School Board members and watchers had to know this was coming, didn’t they?

Two-time former City Councilman Steve Gourley’s reputation for hard-hitting assertiveness and no-nonsense meetings must have rung bells across the schools community, signaling that the cavalry was riding into Irving Place.

Early skeptics who were so positive that the occasionally acerbic, always entertaining Mr. Gourley did not have a satisfactory background or bank of pragmatic knowledge in education slinked away in the first hours of the autumn campaign.

They were routed by both the force and forcefulness of Mr. Gourley’s wrenchingly logical arguments.

During the 10 weeks or so of campaigning, Mr. Gourley must have heard 200 times the complaint that meetings run too long, that important business is strewn throughout the evening, with an accent on late, and the course of meetings is allowed to meander.

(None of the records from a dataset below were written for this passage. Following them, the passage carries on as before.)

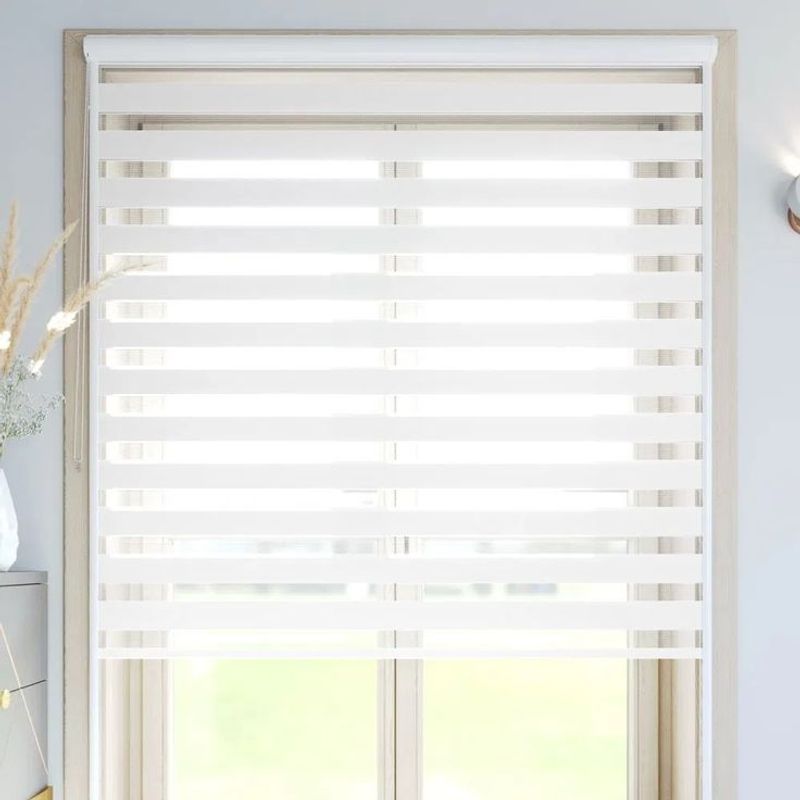 GENERICO - Cortina duo roller 150x200 blanca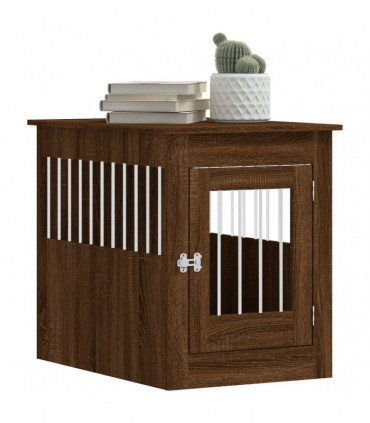 vidaXL Dog Crate Furniture Brown Oak 55x80x68 cm Engineered Wood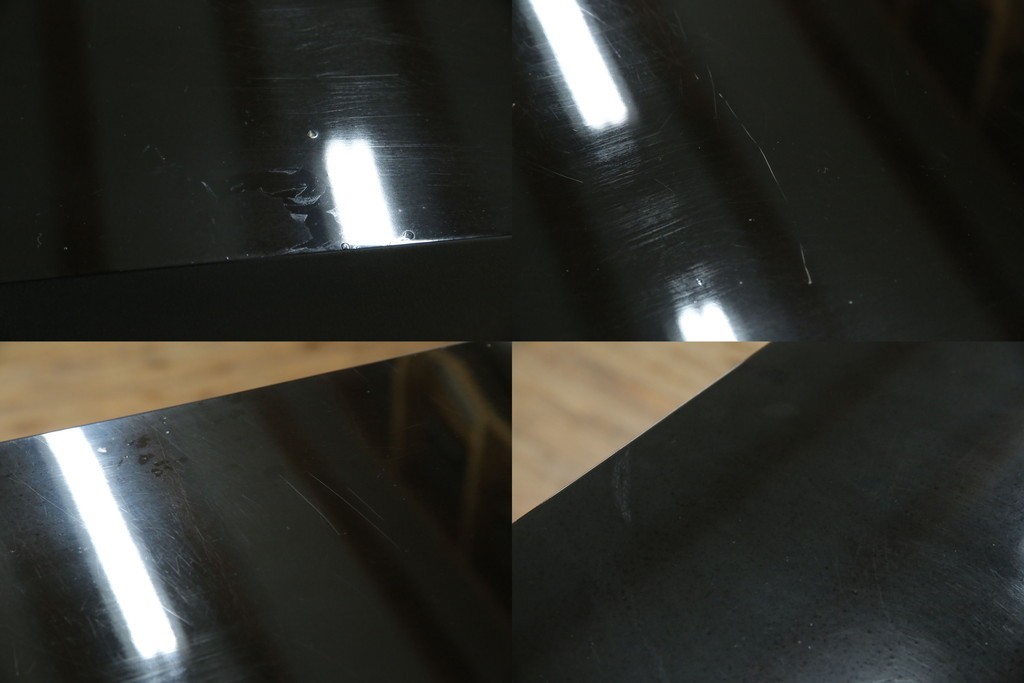 中古　美品　輪島塗り　雅やかな佇まいが上質な雰囲気を漂わせる飾り棚(茶棚、収納棚、戸棚)(R-051840)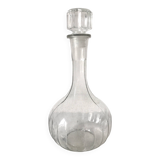 Carafe ronde en verre, à décanter ou à whisky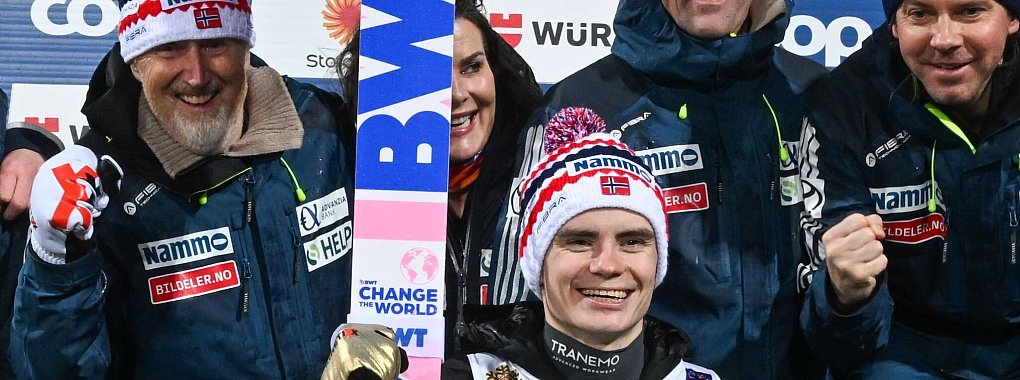 Da jubelten sie noch: Norwegens Springer müssen den Betrug erklären. - © Hendrik Schmidt/dpa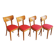 Set of Four Thonet Dining Chairs, Late 1940s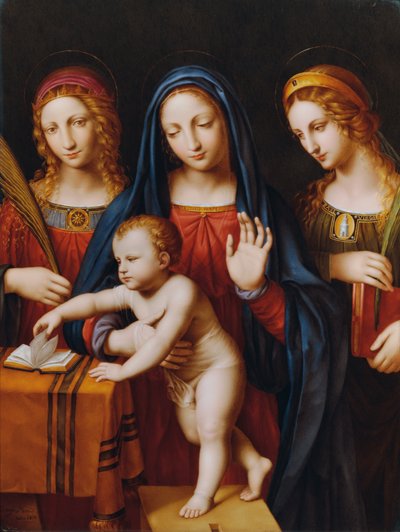 Madonna con bambino Gesù, Santa Caterina e Santa Barbara da Laurenz Herr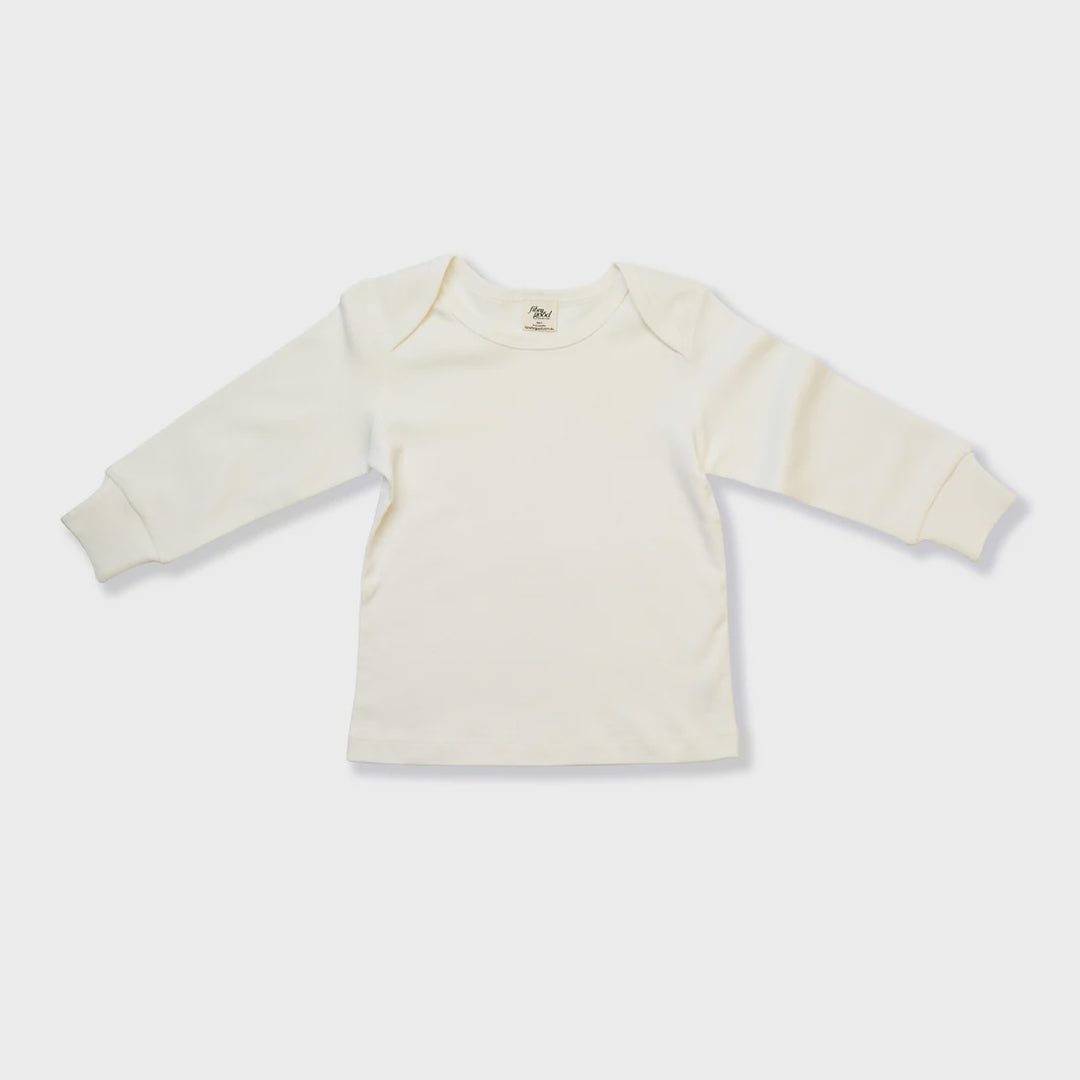 Tee-Shirt - Long Sleeve Baby White 0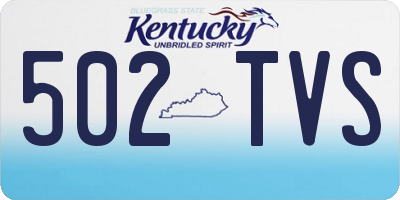 KY license plate 502TVS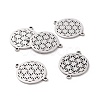Non-Tarnish 201 Stainless Steel Sacred Geometry Links STAS-S105-JN900-1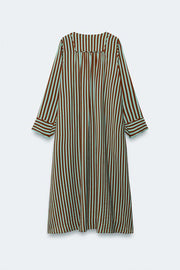 Robe caftan à rayures Édition limitée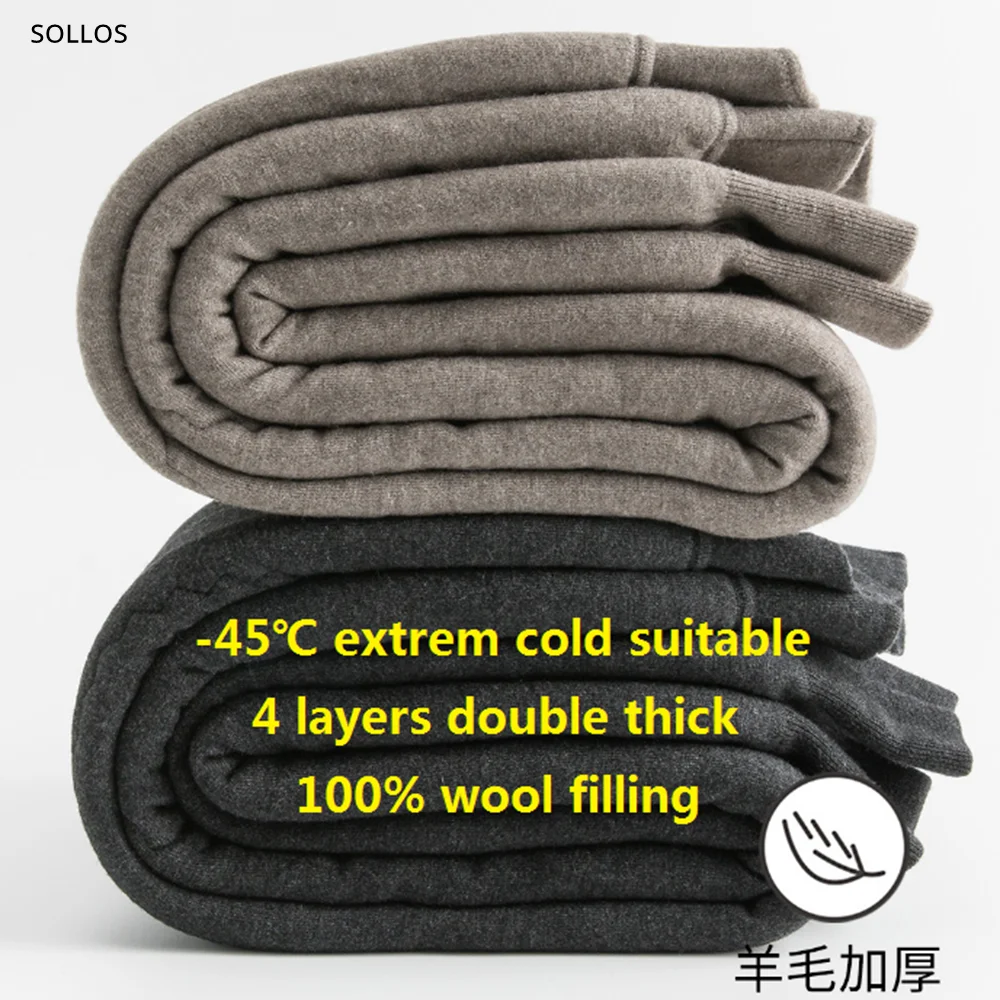 再再販 スーパー厚く暖フリースメリノウール 女性着圧レギンスレディースレギンスレディースワイドズボンスパッツレギンスメンズインナー下着フレア防寒パンツサーマルプラスサイズ ハイウエストセクシー かいメリノウールレギンス男冬サーモ熱男性下着魔法瓶女性服男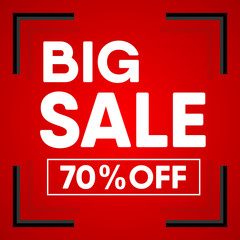 Sale banner and tag design of sale promotion, Vector, Illustration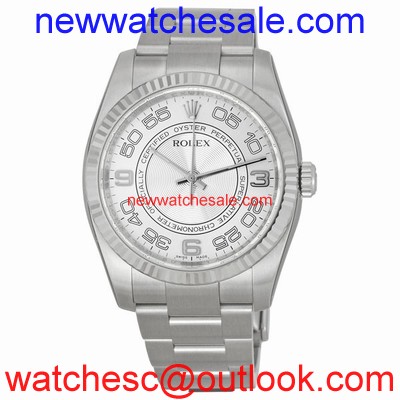 Rolex Oyster Perpetual 116034SCAO Silver Concentric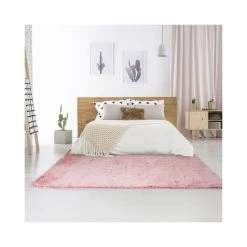 Mon Beau Tapis NEO YOGA - Tapis à Poils Longs Extra-doux Rose 160x230 -Magasin Joss & Main neo yoga 800 tapis 160439 160x230 rose 6 2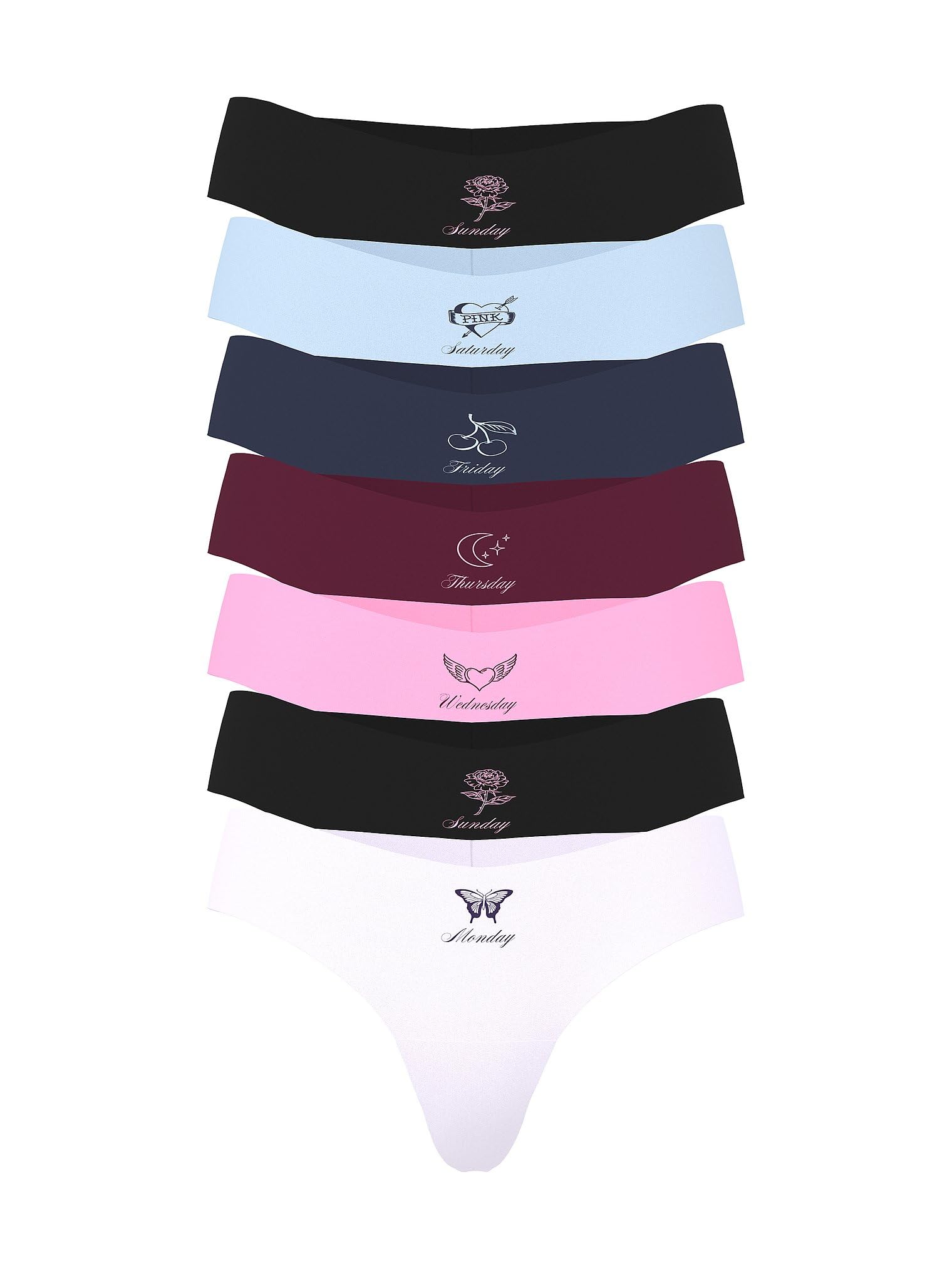 Victorias Secret PINK Womens No Show Thong Underwear Panties for Women Multi Pack XS-XXL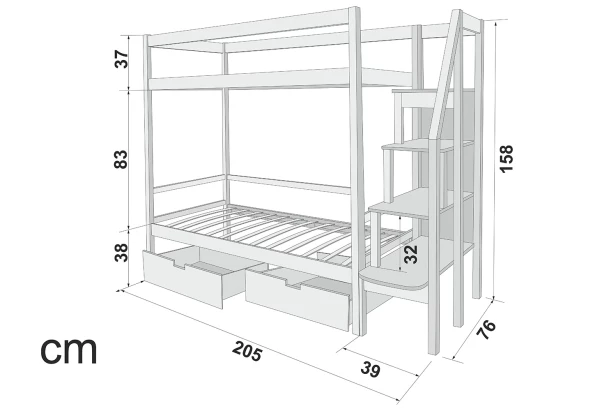 Кровать двухъярусная Svogen (изображение №5)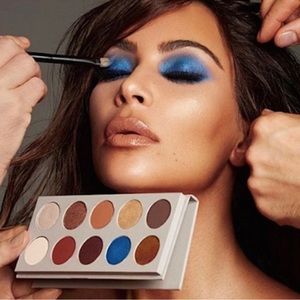 KKW X MARIO 10 PAN EYESHADOW PALETTE LIMITED EDITION practically new eye make up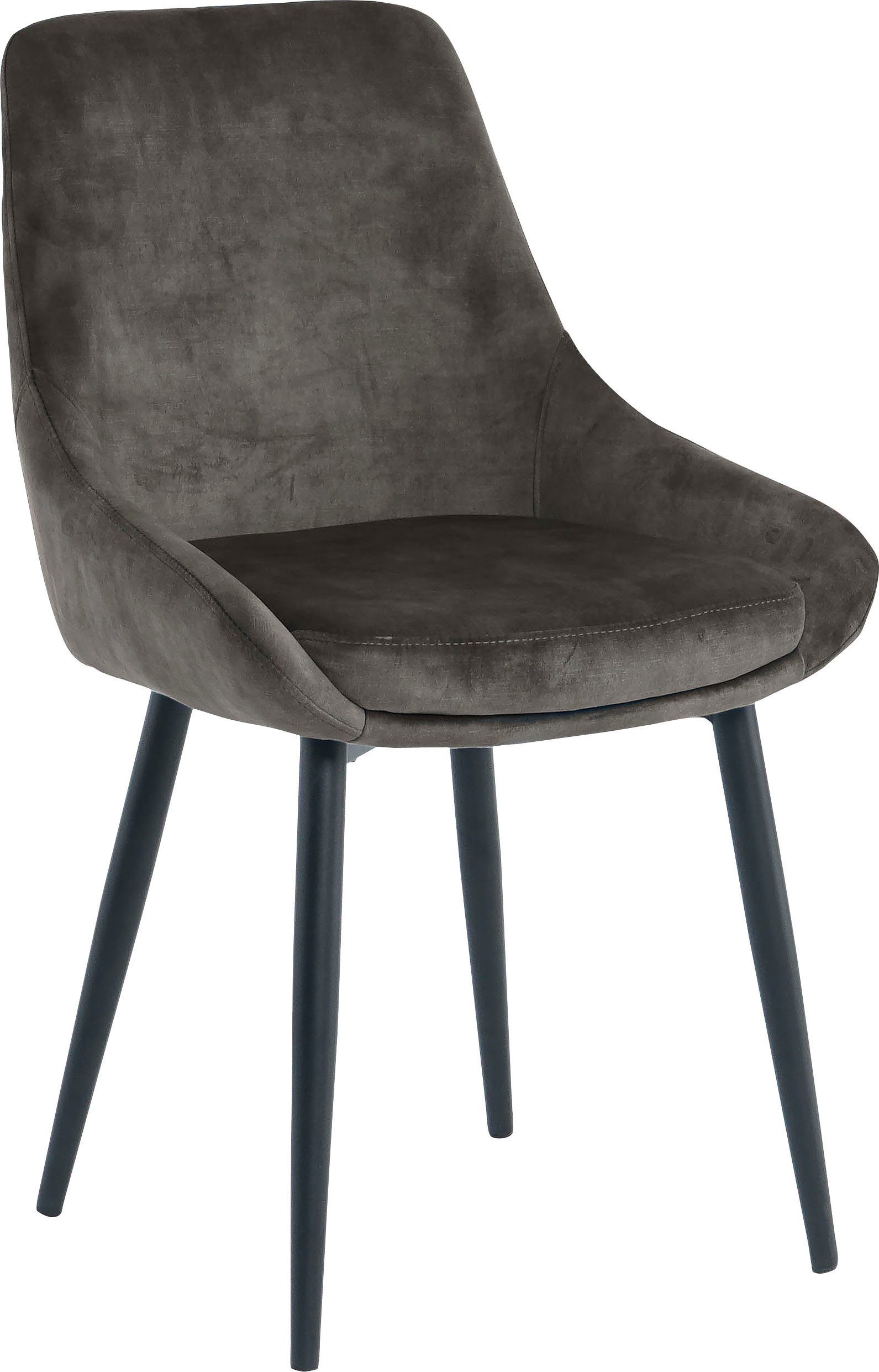 SIT Stoel glamoureuze bekleding in fluwelige look (set, 2 stuks)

He already knew that. But he filed it away for post-election application.



Welcome Home

On the night last month that he and fellow School Board rookie Scott Zeidman were sworn into office, Mr. Gourley hardly conducted himself as a stranger in a strange land.

He has served on enough boards in the last almost 30 years to comprehend protocol and its nuances as well as the founding fathers of every organization.

New and old friends alike agreed that he either had come home or he was sure acting as if he had, even if, technically, he was a stranger.

Not for long, though.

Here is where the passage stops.